Now that they've invited me to create a recipe (with the hope of winning a cooking course, fingers crossed!), I'm hoping that this will be the start of a regular habit of recipe-sharing. It was so much fun coming up with an idea and (rather haphazardly) putting it together. I wanted to create a recipe that mixed Michele's Italian heritage with seasonal and British flavours. My instant thought was to share the wild garlic gnocchi we made last Spring (before immediately remembering that this food of the gods does not grow in January, sob sob). What do we have in Winter? Root veg. And probably leftover Stilton from Christmas if you overbought at the cheese counter like I did. Inspired by a meal I had at Exeter's The Conservatory Restaurant, we decided to try our hand at mastering these flavours for ourselves.

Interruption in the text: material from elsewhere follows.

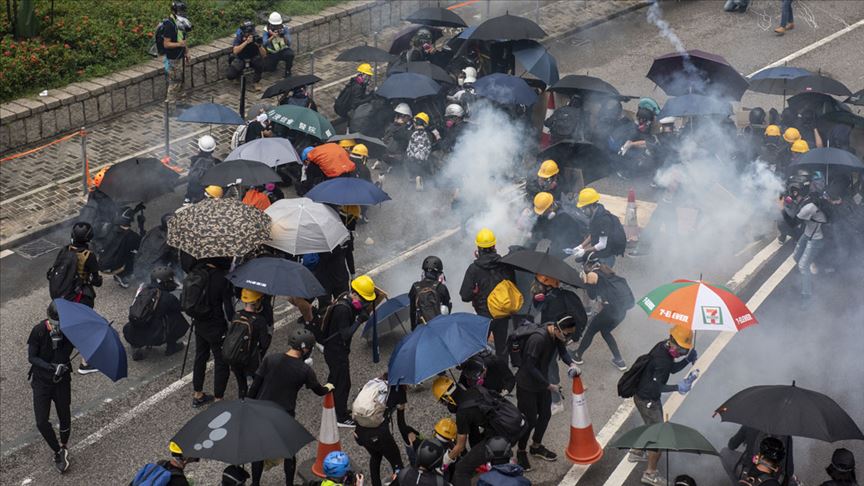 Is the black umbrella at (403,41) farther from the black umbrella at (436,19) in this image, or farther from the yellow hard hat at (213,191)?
the yellow hard hat at (213,191)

Now before I get to the recipe itself, there are a couple of things to note. Firstly, we tried this recipe out in Italy (hence the farina and the panna) as I'm currently visiting Michele in Milan (hallelujah I love this city). As such, we used Gorgonzola for this recipe rather than Stilton so that we weren't unnecessarily buying imported goods. Both are blue cheeses made with cows milk although to me, Gorgonzola has a slightly more bitter flavour and is a little less salty. Depending on the cheese you use (and depending on how cheesy you want your gnocchi!), you may want to alter the quantities we used slightly.

Which brings me to my second note - this was a rather experimental recipe and we pretty much just threw things in the pan and adjusted as we went along! I wrote down the rough quantities we used but strongly advise tasting as you go along (this makes the cooking process much more fun, don't you think?) I'm a little bit rubbish at following recipes exactly and tend to play around with ingredients as I go so I heartily encourage you to do the same here!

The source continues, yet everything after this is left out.